→ Instructions to follow
What is wanted is every line below from the one with "The outline: I'll" up to and including the one with "It really works", retyped exactly, pictures excluded, nothing else.

→ Data records
########
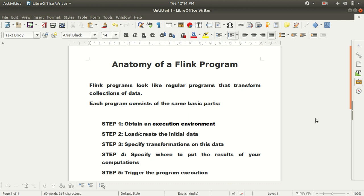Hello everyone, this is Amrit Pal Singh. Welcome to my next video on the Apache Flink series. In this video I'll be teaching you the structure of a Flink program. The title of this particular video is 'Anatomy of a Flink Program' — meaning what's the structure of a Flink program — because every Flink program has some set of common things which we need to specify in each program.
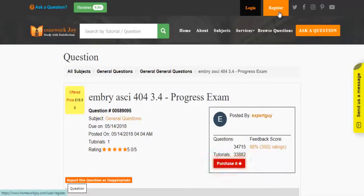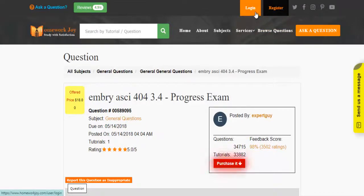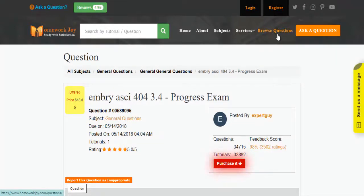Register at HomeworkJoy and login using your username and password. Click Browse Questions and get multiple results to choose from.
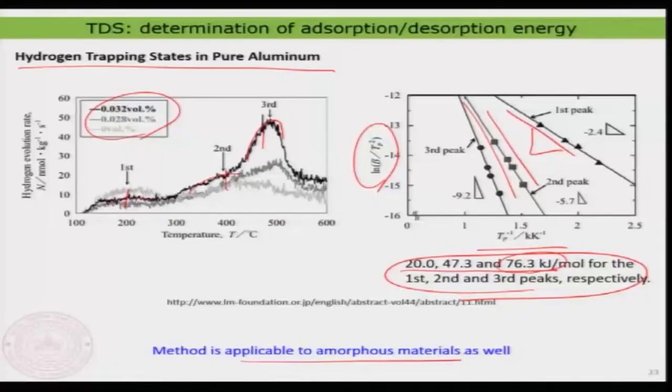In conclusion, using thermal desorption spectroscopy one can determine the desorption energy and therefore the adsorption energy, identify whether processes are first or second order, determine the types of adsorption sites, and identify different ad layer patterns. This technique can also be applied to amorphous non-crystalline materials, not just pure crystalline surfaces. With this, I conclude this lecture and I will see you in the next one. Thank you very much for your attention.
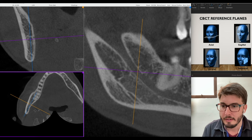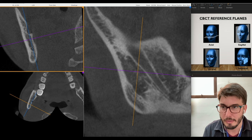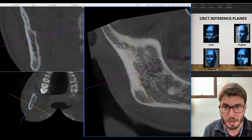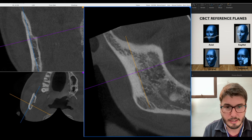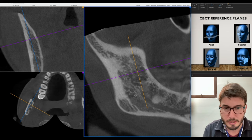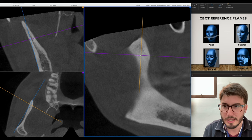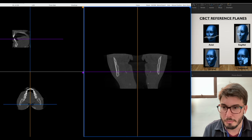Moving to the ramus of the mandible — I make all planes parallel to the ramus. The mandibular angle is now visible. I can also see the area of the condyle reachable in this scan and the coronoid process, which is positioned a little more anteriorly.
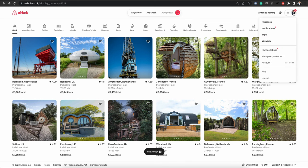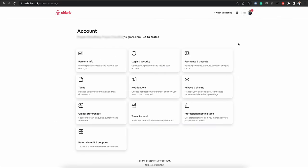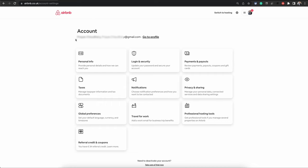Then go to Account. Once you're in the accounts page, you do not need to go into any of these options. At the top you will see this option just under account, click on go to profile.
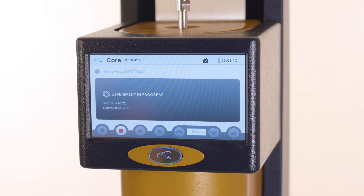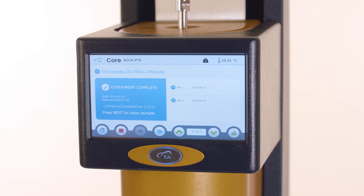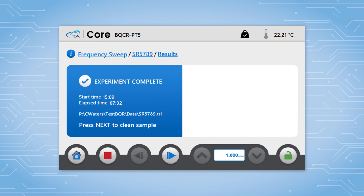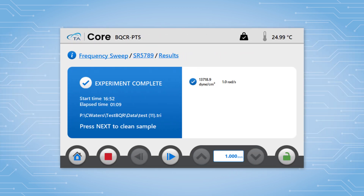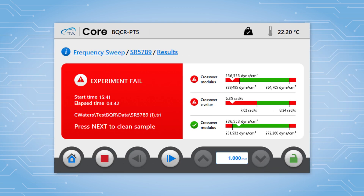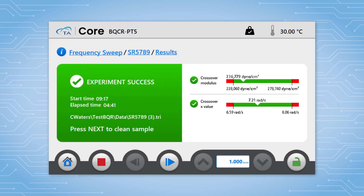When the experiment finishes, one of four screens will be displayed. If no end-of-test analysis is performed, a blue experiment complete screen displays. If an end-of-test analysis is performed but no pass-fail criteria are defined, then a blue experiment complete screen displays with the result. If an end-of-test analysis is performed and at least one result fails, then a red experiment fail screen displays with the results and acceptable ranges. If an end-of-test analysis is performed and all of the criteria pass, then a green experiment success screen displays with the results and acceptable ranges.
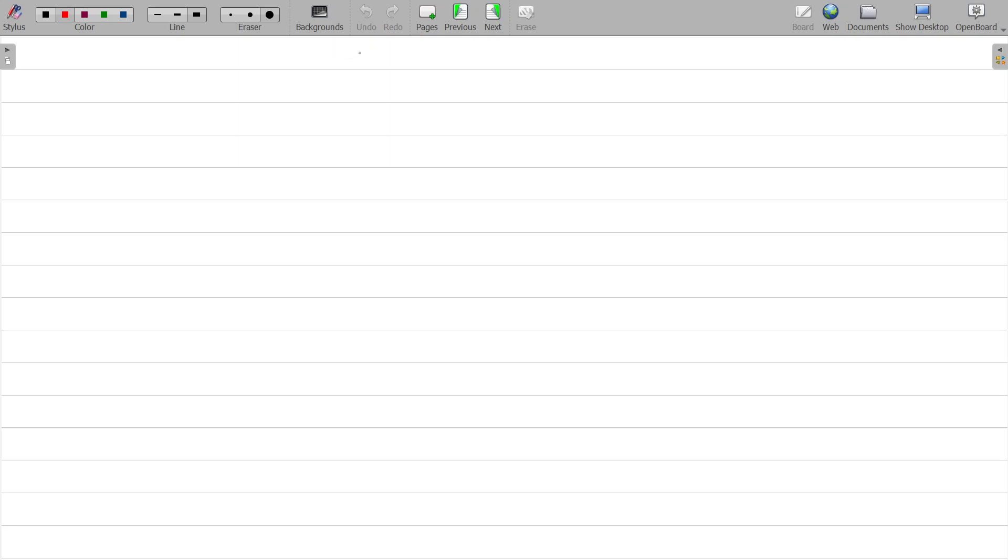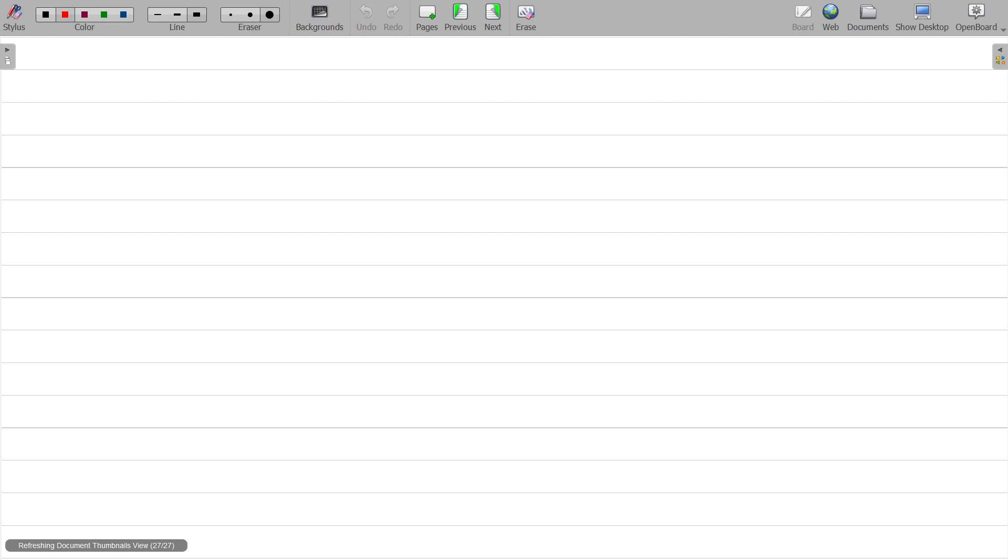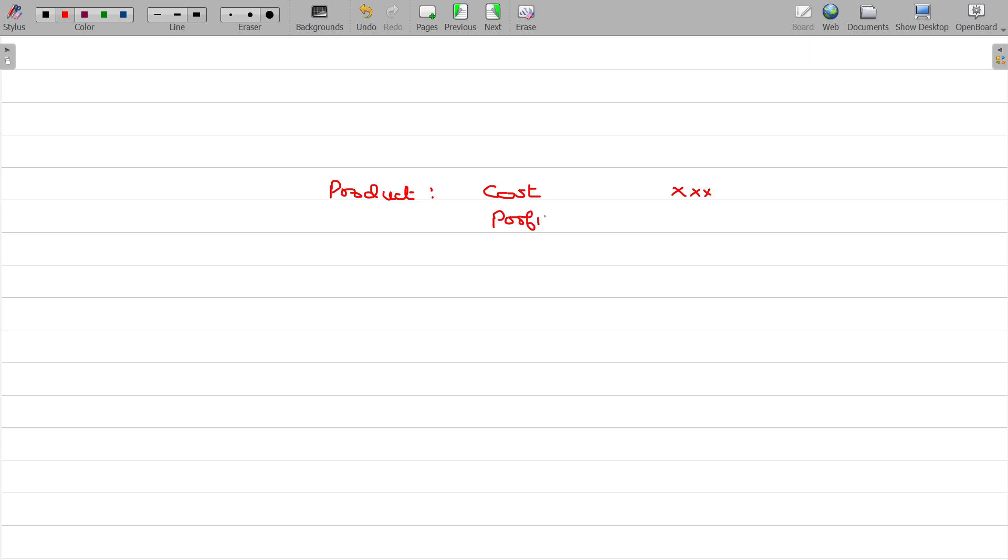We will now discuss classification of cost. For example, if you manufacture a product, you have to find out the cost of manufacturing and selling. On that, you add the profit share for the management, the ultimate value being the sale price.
########
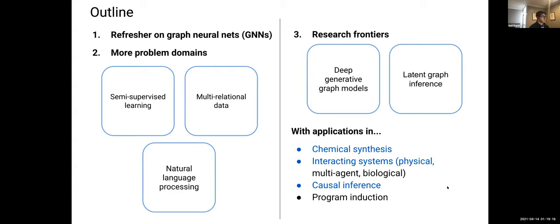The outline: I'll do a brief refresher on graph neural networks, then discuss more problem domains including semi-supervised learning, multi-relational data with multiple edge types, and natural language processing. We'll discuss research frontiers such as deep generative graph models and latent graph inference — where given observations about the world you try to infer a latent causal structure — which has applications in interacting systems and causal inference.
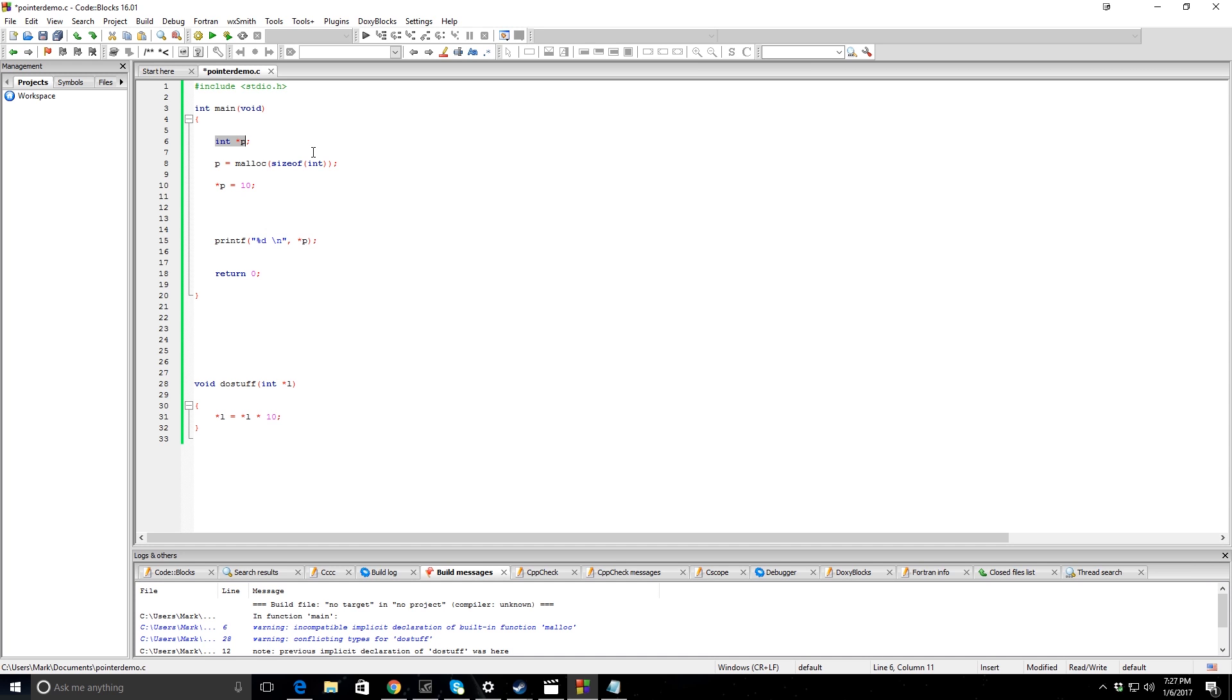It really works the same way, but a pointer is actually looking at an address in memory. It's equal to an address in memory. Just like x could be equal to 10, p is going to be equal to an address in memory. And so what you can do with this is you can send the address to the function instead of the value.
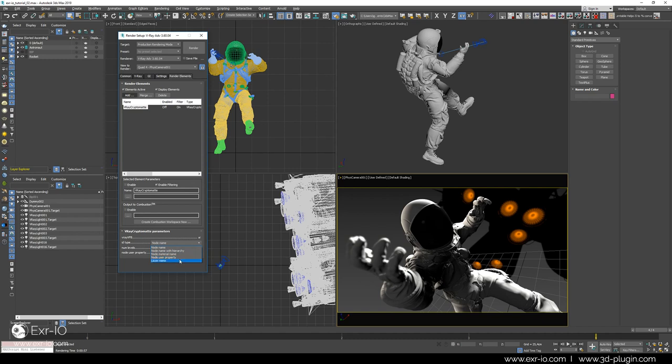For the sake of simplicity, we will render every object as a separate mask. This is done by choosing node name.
########
→ Task result
The outline: I'll do a brief refresher on graph neural networks, then discuss more problem domains including semi-supervised learning, multi-relational data with multiple edge types, and natural language processing. We'll discuss research frontiers such as deep generative graph models and latent graph inference — where given observations about the world you try to infer a latent causal structure — which has applications in interacting systems and causal inference.
It really works the same way, but a pointer is actually looking at an address in memory. It's equal to an address in memory. Just like x could be equal to 10, p is going to be equal to an address in memory. And so what you can do with this is you can send the address to the function instead of the value.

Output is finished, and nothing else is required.